■ Exercise requirements
Leaving out only the pictures, write out all the entries exactly.

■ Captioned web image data
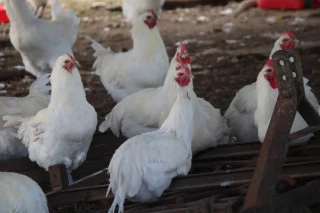 Abrogation des mesures de zone de contrôle temporaire 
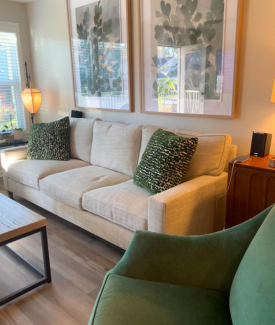 Sacksteder's Modern Green and Beige Living Room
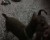 اجمل كلاب زينه يلقبونها ب دوبر مان الصغير - صورة5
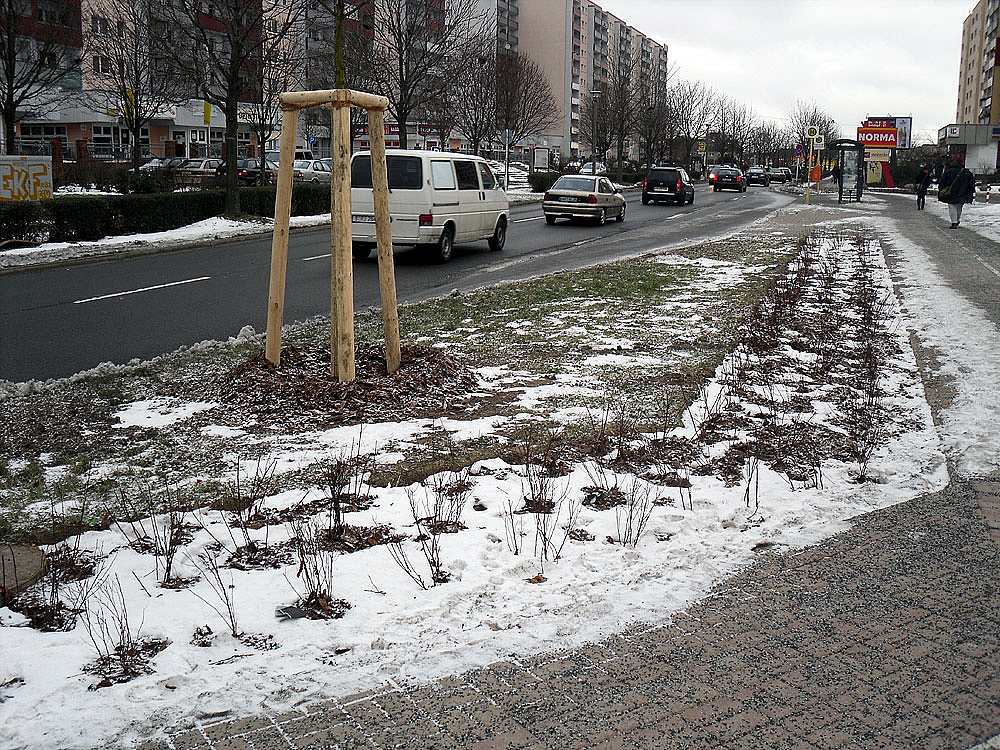 Junge, verschneite Bäume an der Straße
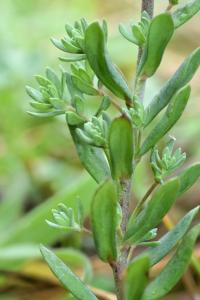 Linaria supina subsp. maritima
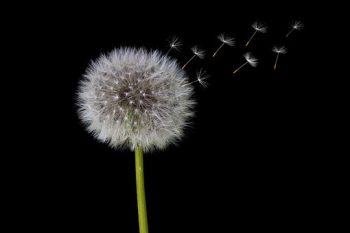 alice-le-guiffant-newsletter-tournesol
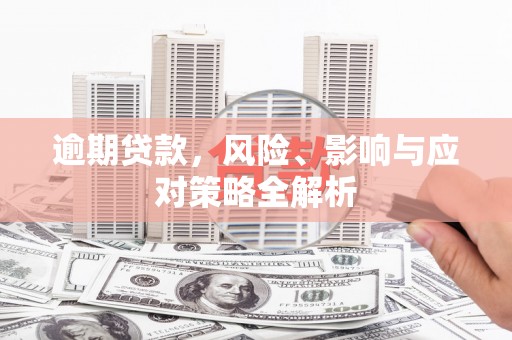 呼玛逾期贷款，风险、影响与应对策略全解析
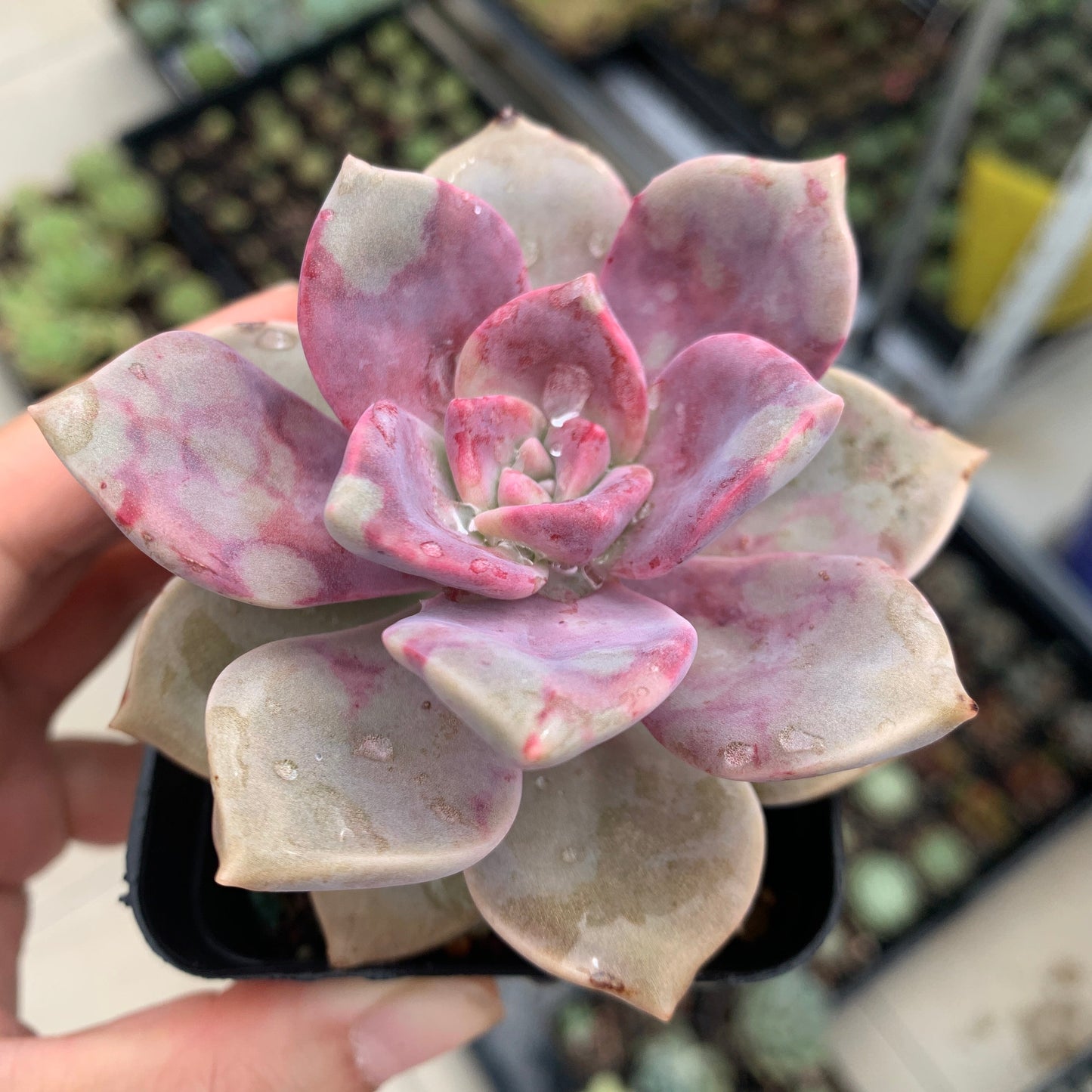 Graptopetalum Purple Delight 紫悦 紫乐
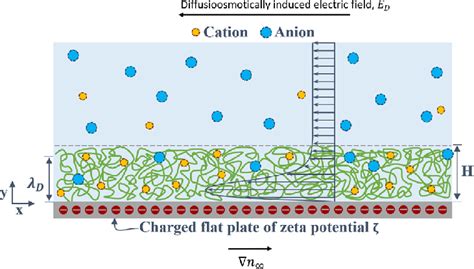 Schematic Describing The Ionic Dos Flow Over A Charged Flat Plate Of Download Scientific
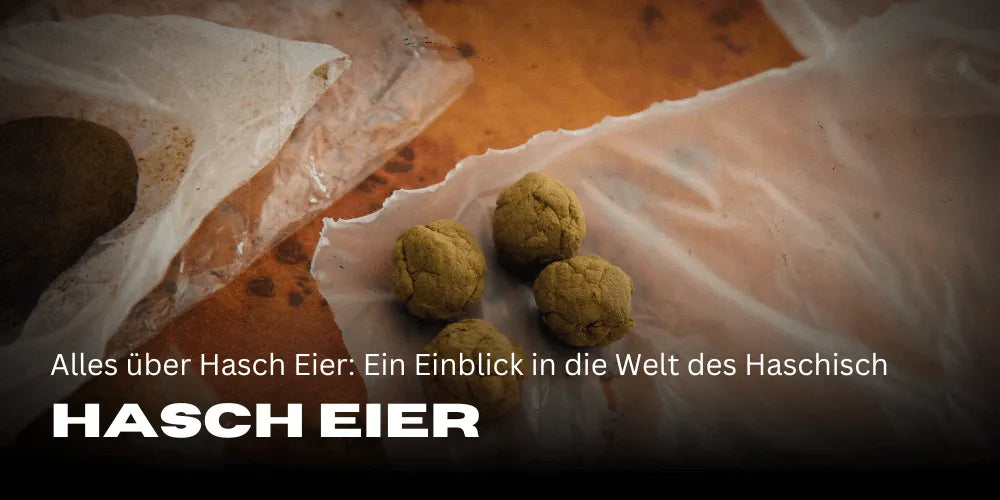 All about hash eggs: An insight into the world of hashish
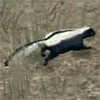 animal - skunk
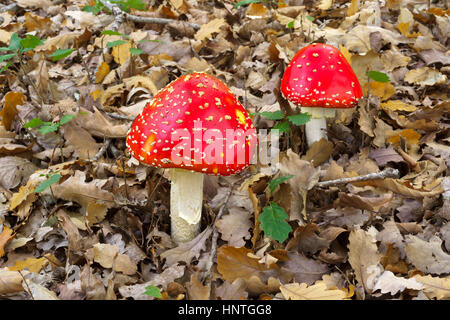 Agaric fly en forêt, Adélaïde, Australie du Sud, Australie. Banque D'Images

■ Result for this task
 Abrogation des mesures de zone de contrôle temporaire 
 Sacksteder's Modern Green and Beige Living Room
 اجمل كلاب زينه يلقبونها ب دوبر مان الصغير - صورة5
 Junge, verschneite Bäume an der Straße
 Linaria supina subsp. maritima
 alice-le-guiffant-newsletter-tournesol
 呼玛逾期贷款，风险、影响与应对策略全解析
 Graptopetalum Purple Delight 紫悦 紫乐
 Schematic Describing The Ionic Dos Flow Over A Charged Flat Plate Of Download Scientific
 All about hash eggs: An insight into the world of hashish
 animal - skunk
 Agaric fly en forêt, Adélaïde, Australie du Sud, Australie. Banque D'Images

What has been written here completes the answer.